Формально её можно расценить как произведение, посвящённое новому этапу торжества науки: герою, профессору Преображенскому, удаётся, в отличие от Персикова, совладать с взбунтовавшимся против него творением собственных рук. Но не стоит спешить с выводами на основе формальных признаков. Ведь в то же самое время, опять же формально, «Собачье сердце» — сатира, тому свидетель каждый, кто его читал. Следовательно, необходимо разобраться, торжествует ли в данном случае наука или подвергается осмеянию. А если не наука здесь осмеивается, то что же? Гоголевский вопрос — «Над чем смеётесь?» — оказывается тут необыкновенно уместным. Увы, ещё более уместным оказывается тут гоголевский ответ — «Над собой смеётесь!» Да, над собой смеётся читатель «Собачьего сердца», и не какой-то там абстрактный, произвольный читатель, но читатель образованный, и хорошо образованный, осведомлённый в новейших достижениях науки, уверовавший в неё до конца, в то, что она призвана заменить ему Господа Бога, отца и мать, стыд и совесть. Этот читатель — незримый герой, вынесенный за пределы текста — и служит главным объектом осмеяния в «Собачьем сердце». Это его дурачит и водит за нос автор, это он оказывается разоблачённым до такой степени, что вот уже видишь, как скальпель щекочет его голые рёбра с коварным вопросом — не отыщутся ли здесь какие-нибудь признаки души?
Нет, читатель, как ты ни отнекивайся, как ни ссылайся на профессора Мечникова, душа у тебя всё-таки есть. И именно на её наличие делал Булгаков свой безошибочный расчёт, иначе стал бы он вообще затеваться с «Собачьим сердцем», да и с любым другим произведением? Не зря же, раскрыв «Собачье сердце», ты сразу находишь, к кому прилепиться душой — вот он, герой, учёный, бесстрашный преобразователь природы. Его, Филиппа Преображенского, полюбишь ты как самого себя, и умилишься всем, что ему мило, и возненавидишь всё, что ему враждебно, что мешает его победоносному движению вперёд.

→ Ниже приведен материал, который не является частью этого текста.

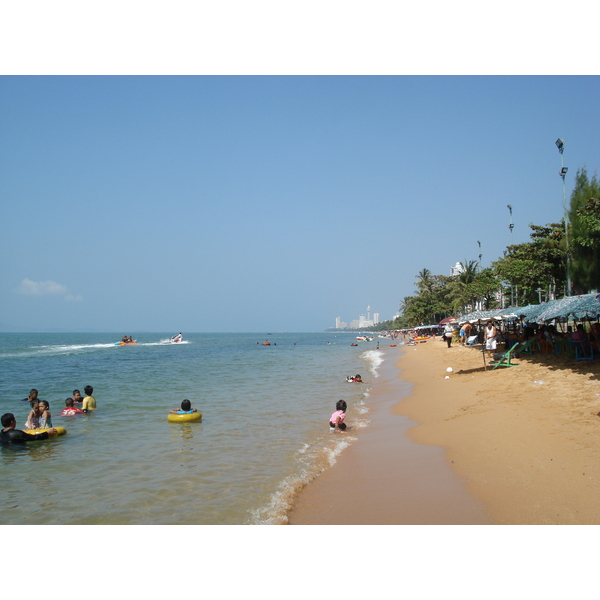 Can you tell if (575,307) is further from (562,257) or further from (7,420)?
(7,420)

Но знай, читатель, не будет тебе в этой любви счастья, не добьёшься ты взаимности от Ф. Ф. Преображенского, не полюбит он тебя никогда. Чтобы убедиться в этом, надо перечитать «Собачье сердце», перечитать очень внимательно, слово за словом, ибо написано оно автором, который хорошо знает, что за каждое слово предстоит держать ответ, и поэтому не позволяет себе ничего не значащих, случайных слов.
Итак, приступим. Воплем Шарика — «О, гляньте на меня, я погибаю!» — открывается «Собачье сердце». И ты, читатель, идёшь на этот зов и оказываешься внутри особого мира, сотворённого булгаковским словом, — будь поэтому внимателен к каждому слову! — и живущего по строгим законам. Хотя снаружи этот мир невелик — меньше пяти печатных листов, трудно будет тебе выбраться из него, и страшным покажется он тебе, хоть ты и много смеялся, читая «Собачье сердце» в первый раз, да и перечитывая, всякий раз засмеёшься опять.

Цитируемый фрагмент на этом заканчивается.